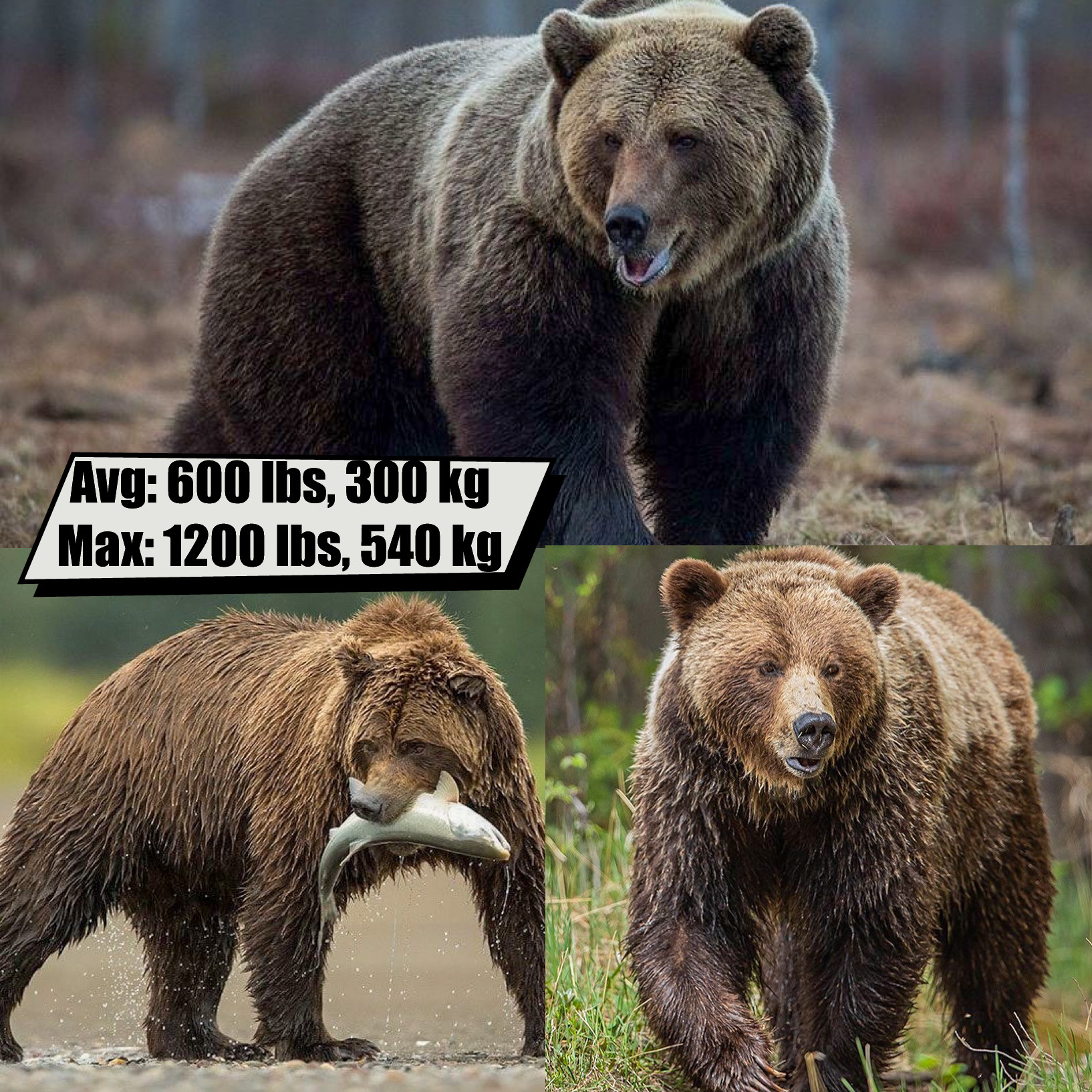 Grizzly Bear
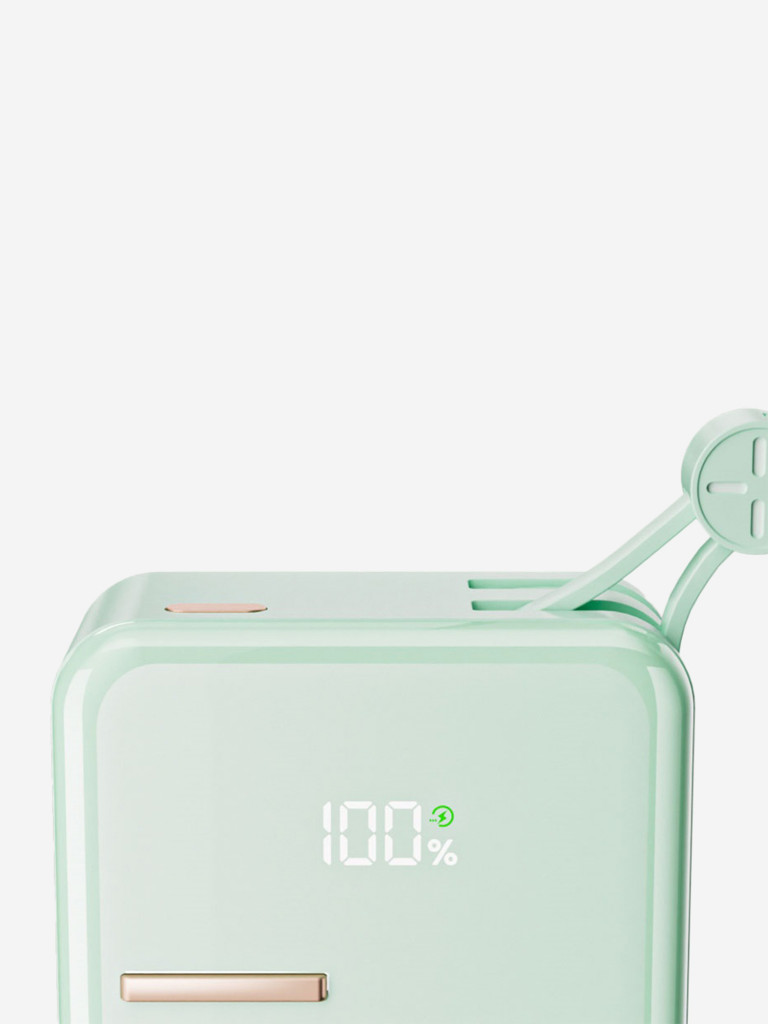 Внешний аккумулятор ROCK Y18 Fridge Series Fast Charging Power Bank with Cables зеленый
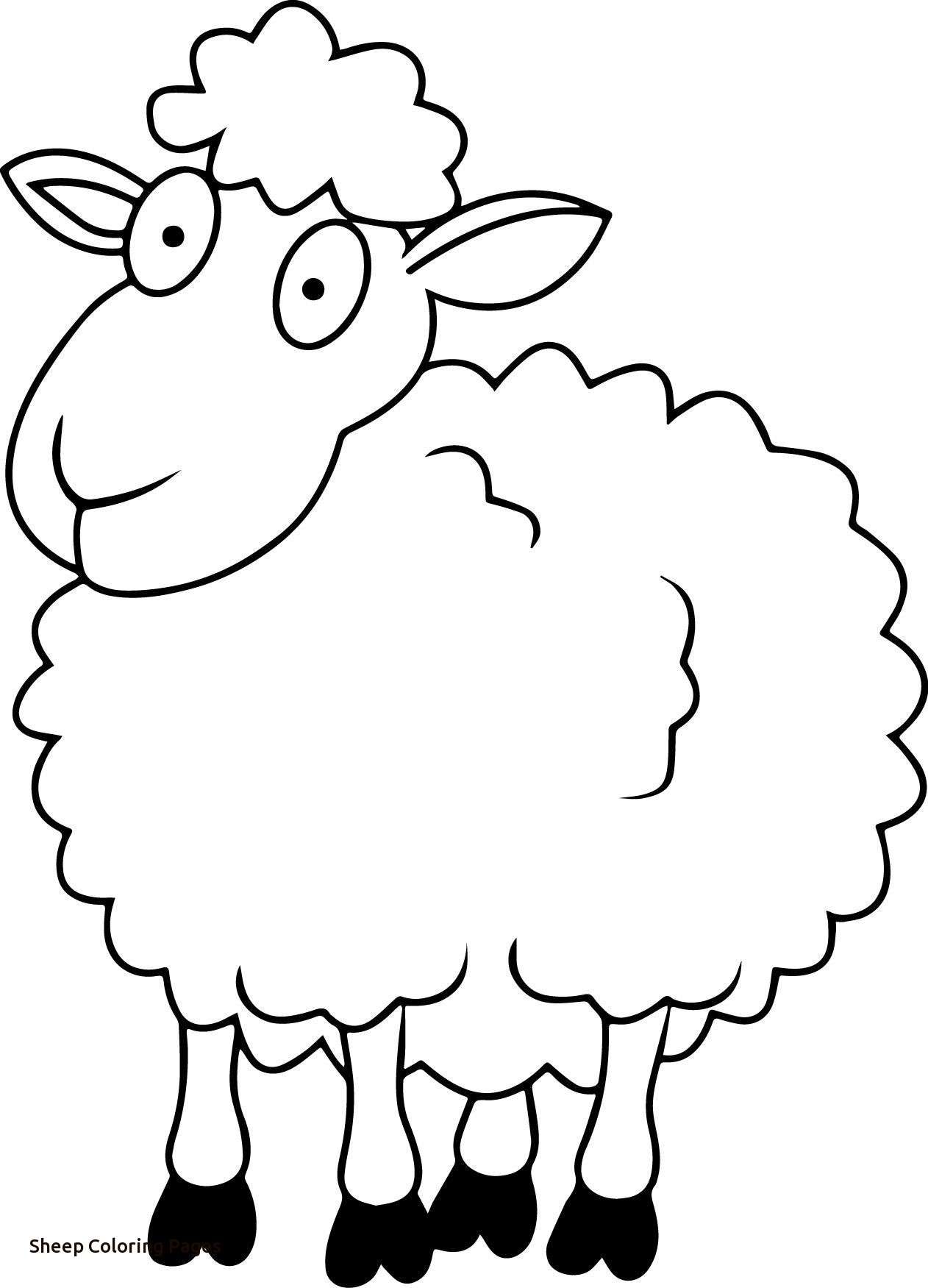 Sheep Outline Drawing At GetDrawings Free Download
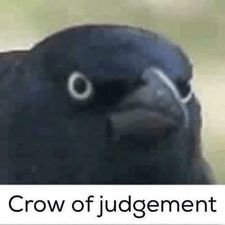 High Quality Crow of judgement Blank Meme Template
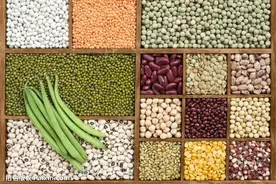 奇妙豆世界（下）丨凡此种种图片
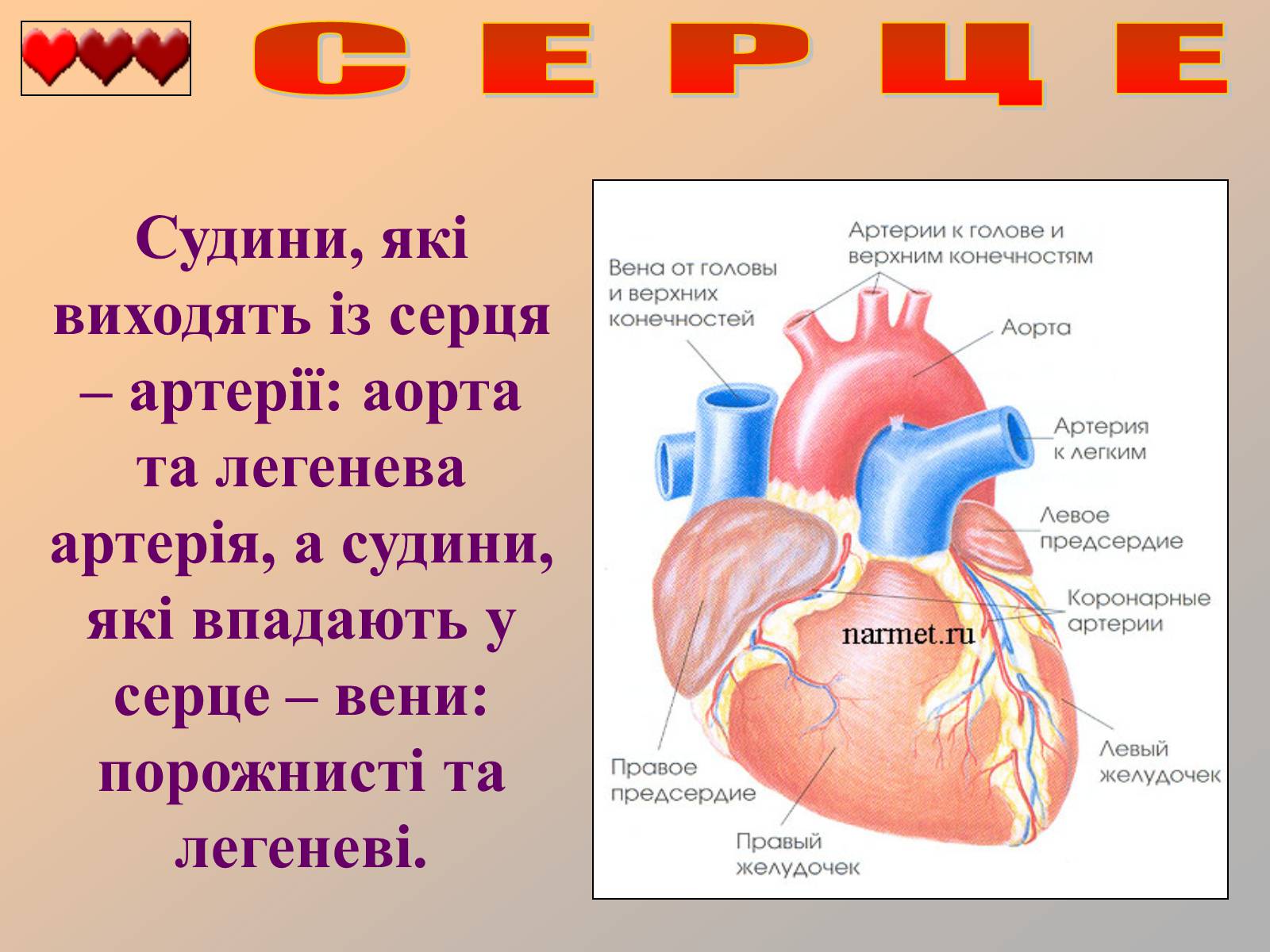 Презентація на тему «Серце людини» (варіант 1) - Слайд #5 Презентація на тему «Серце людини» (варіант 1) - Слайд #5
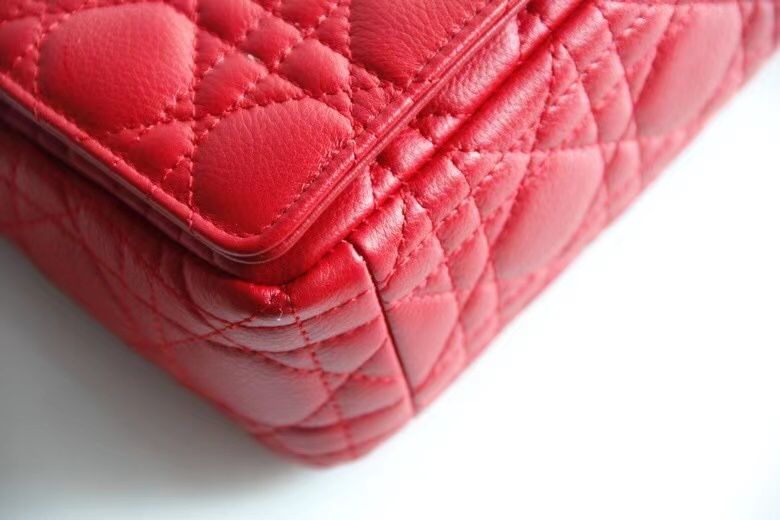 Dior Montaigne30 20 cm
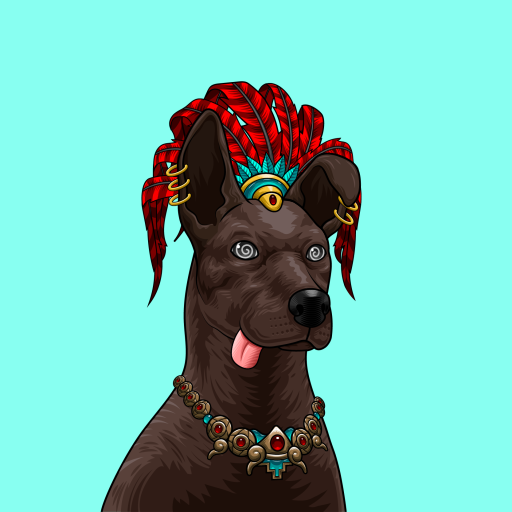 xolo image
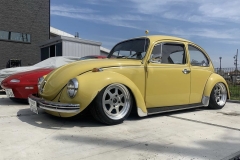 Masayoshi Y' Beetle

......

▶ **Assigned task**: From the line that contains "Sheep Outline Drawing" to the last line of the data above, inclusive, transcribe every line exactly and only those lines, omitting pictures.

▶ **Task result**:
 Sheep Outline Drawing At GetDrawings Free Download
 High Quality Crow of judgement Blank Meme Template
 奇妙豆世界（下）丨凡此种种图片
 Презентація на тему «Серце людини» (варіант 1) - Слайд #5 Презентація на тему «Серце людини» (варіант 1) - Слайд #5
 Dior Montaigne30 20 cm
 xolo image
 Masayoshi Y' Beetle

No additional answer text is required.